In Italy you can choose to have a religious ceremony, a civil ceremony, or a symbolic ceremony or blessing. Whichever you choose will have a bearing on your venue options. For example, if you’re having a church ceremony, you will need to make sure that your reception site is within an easy distance. If you have a civil ceremony, you have a choice of pre-approved locations (many of which are spectacular historical buildings). However, if you’re dreaming of an outdoor wedding at your villa or a beach ceremony, these will only be symbolic and you’ll need to have a civil ceremony performed either in Italy or at home as well.
Some of the hotspots for a destination wedding in Italy include: Rome, Florence, Venice, the Tuscan or Umbrian countrysides, the Lake District, the Italian Riviera, the Amalfi Coast, and Puglia.
When to Plan a Wedding in Italy
The Italian wedding season runs from April to October. Spring is beautiful, but does bring some risk of rain. Summer is a delight, especially if you want a coastal wedding. Do bear in mind that July and August can be extremely hot and muggy, as well as crowded in cities. August can also be difficult as many Italians are on holiday during this time, and businesses, venues and government offices may be closed. Of course, if a winter wedding is more your vibe, then you’ll have lots of options, including a romantic snowy wedding in the Italian alps.
Making It Legal
The following is meant as a guide only and is not comprehensive, nor does it constitute legal advice. Specifications and requirements may change, so I strongly advise you to consult your local embassy or consulate for up-to-date legal requirements.
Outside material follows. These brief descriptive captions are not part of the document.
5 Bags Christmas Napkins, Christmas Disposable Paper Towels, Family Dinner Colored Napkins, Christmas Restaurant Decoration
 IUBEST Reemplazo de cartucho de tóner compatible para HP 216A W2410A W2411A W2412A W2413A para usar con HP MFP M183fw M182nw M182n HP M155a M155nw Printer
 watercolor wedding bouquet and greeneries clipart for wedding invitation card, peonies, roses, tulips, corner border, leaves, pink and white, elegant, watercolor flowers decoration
As I mentioned before, Italy recognises both religious and civil weddings. However, only Roman Catholic weddings do not require a civil ceremony before the religious one. There are no residency requirements to get married in Italy, but you will have to provide paperwork certifying your identity, and that there are no legal obstacles to your marriage. You will also need to submit a declaration of your intent to marry with the marriage office in the town or city where your ceremony will be performed. All of this can take time, so it’s important to start the documentation process well in advance. If you’re planning a Catholic ceremony, there is additional paperwork to be completed, and this will need reach the church where you will be married at least two months before the ceremony. You will need to work with your local parish and bishop to complete this. An interpreter is also required for your ceremony, but does not need to be an official translator.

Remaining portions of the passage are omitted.